Friday, December 21, 2012

God, You, & Luke 2: Day 21

I'm sitting by a toasty fire listening to Mary Grace play her violin as I type. It's the first full day of Christmas break for all the kiddos. We've baked cookies today and soup is planned for supper on this windy, snowy day. We don't have any candles burning, but our house still smells good and Christmassy.

You know what I mean when I say it smells Christmassy. So does a pastor I respect, Tim Keller. In a recent Christmas sermon I listened to by him, he very accurately pointed out that "the smells of the stable were not cinnamon and spice. They were urine and manure."

I haven't seen any Yankee Candles by those names in the stores this holiday season.

Reality checks are good for us, aren't they?

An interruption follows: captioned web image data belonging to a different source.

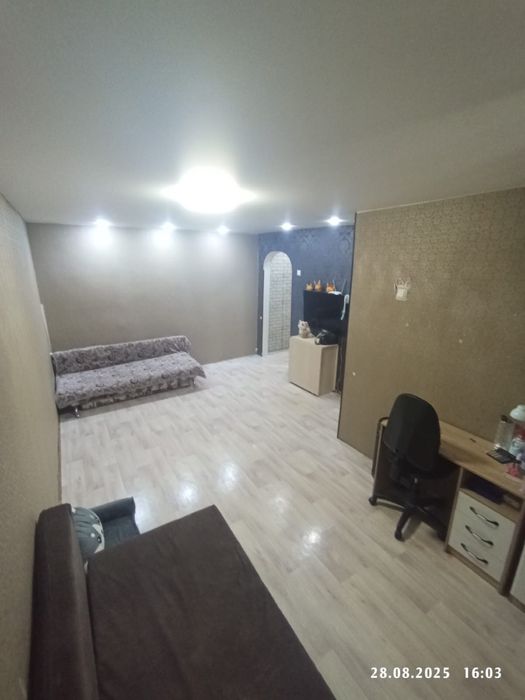 Продам 1- комнатную квартиру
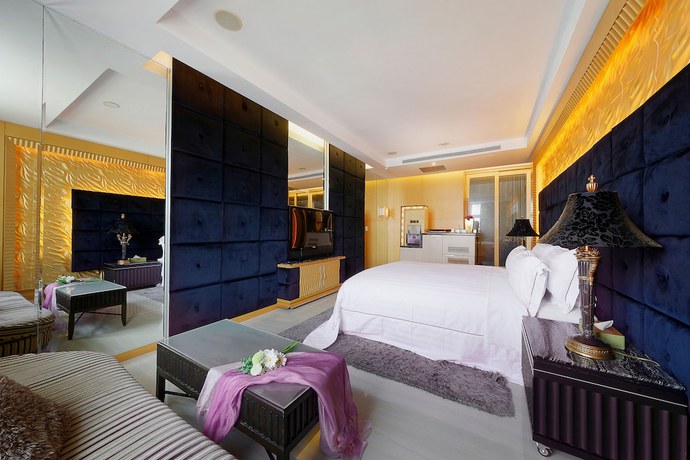 Imagen de la habitación del Hotel Husan motel. Foto 16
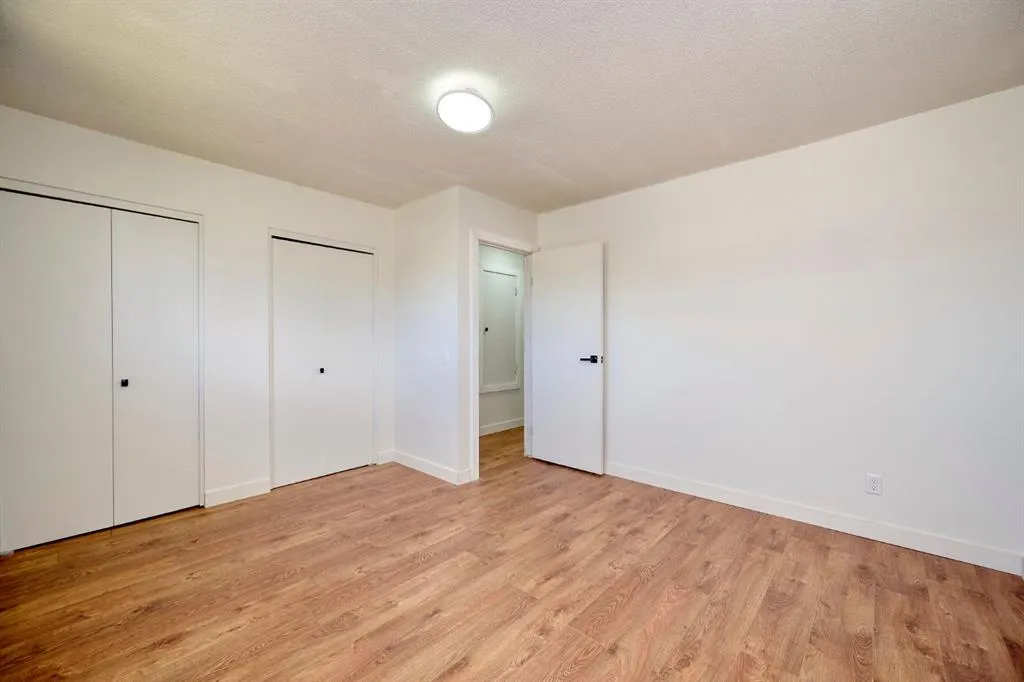 1176 Penrith Crescent SE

Lou and I are not farm people. We don't frequent barns very often. Which means, neither do our kids. So one Christmas, when Luke and Hannah were the only little Harrises around, Lou and I took them out to our former pastor's barn. Ray Leininger had shared that every Christmas, he and his wife trotted their grandkids out to the barn where he kept some bottle fed calves. There, they'd sit on hay bales just outside a pen where the calves were kept, and read the Christmas story to them.  I thought that sounded cool, like it would help make the Christmas story come alive a bit for our two little ones, and got his permission to trot our kids out to his barn to do the same thing.

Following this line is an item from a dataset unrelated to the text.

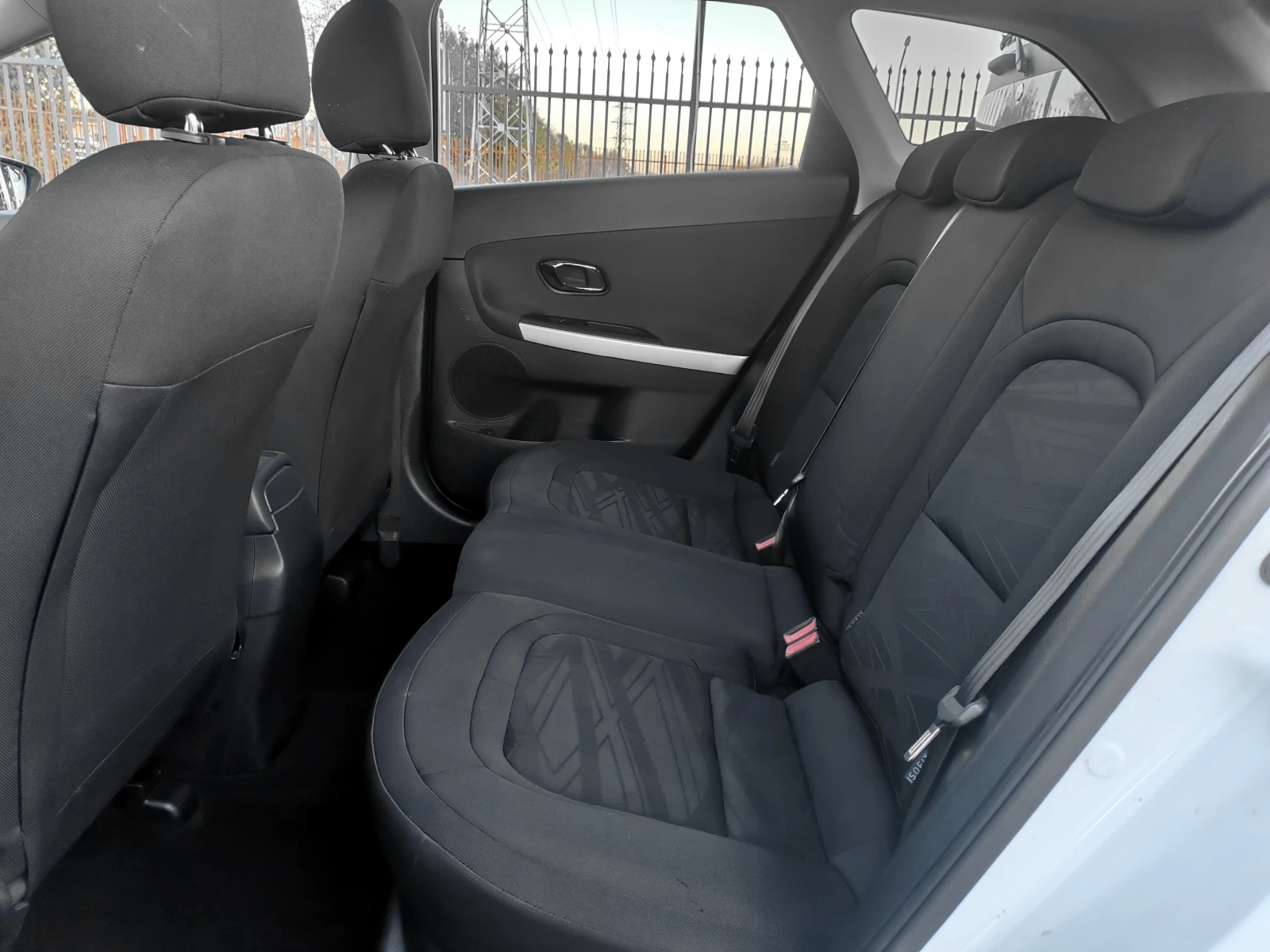 Kia Ceed 1.6 CRDi | Mobile.bg   15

I can't imagine giving birth in a barn amid the hay and the dirt and the animals and their "stuff" and those smells.

But God imagined it. He planned it. He came low - amid the hay and the dirt and the animals and their "stuff" and those smells. He came low - amid...us.

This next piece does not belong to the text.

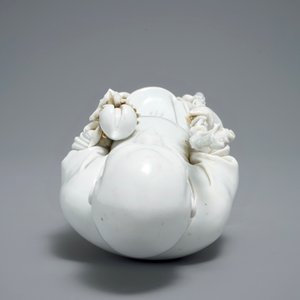 Une figure de Shou Lao en porcelaine blanc de Chine, 19/20ème — photo 5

I'm glad real manger smells are not what wafts through our houses at this time of year (or any time of year, for that matter). But I hope, after hearing Keller's statement, I'll think twice when I light a candle or walk into a house that smells Christmassy. I know my first thought will be, as it should be, "How lovely!"  But the thought I want to have follow on the heels of that first one - the one I want to train myself to think when I smell those lovely smells is just a bit opposite. I want those lovely smells to trigger the thought, "How lovely, How lowly."